Throughout beverage history technology has brought many new and improved ways to imbibe; bottled wine (rather than clay pots), wide-mouth beer cans, and of course the wine glass on a rope. Unfortunately, sometimes technology moves in reverse. For example, back in the 18th century there were gin vending machines; nowadays we have to talk to a bartender.
That’s right, over 200 hundred years ago in London, drinkers could walk up to the outside wall of a bar, put their mouths on an “Old Tom” (I’ll explain) and for a penny, get a mouthful of gin.

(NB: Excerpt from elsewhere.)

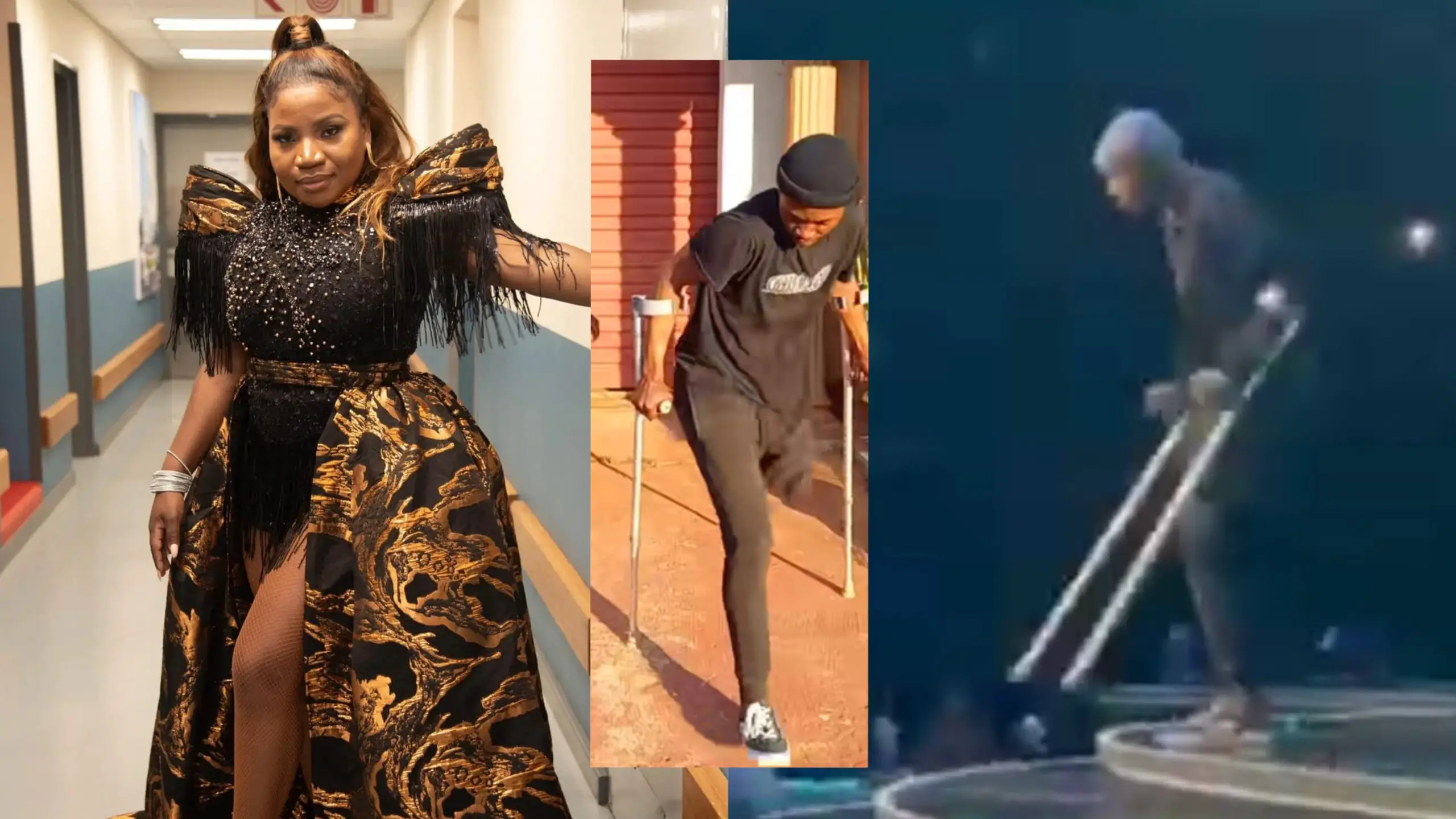 Watch as Makhadzi perfoms with a one legged dancer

The “Old Tom” was a cat-shaped plaque mounted on the bar’s outside wall. Drinkers would drop a penny in the cat’s mouth and put their own mouth over a tube near the cat’s paws. A bartender inside would then pour a shot of gin into this early gin-o-matic, and voila! Can you imagine how this would go over in the East Village today?
Old Tom gin is a sweeter version of London Dry gin – simple syrup was added to distinguish it from the other gins on the market. This style was wildly popular in England during the 1700s. It also happened to be the gin of choice for making a Tom Collins (gin, lemon juice, soda) in the 19th century. As of the 1950s, this style of gin was not available in the United States.
Luckily, Hayman’s has arrived back on the scene. It’s round on the palate and the touch of sweetness really highlights the botanicals. The founder of the Hayman’s distillery also happens to be the same guy who invented Beefeater gin.
This gin is great in some classic cocktails like a Martinez or Ramos Gin Fizz or you can try my Violette Femme.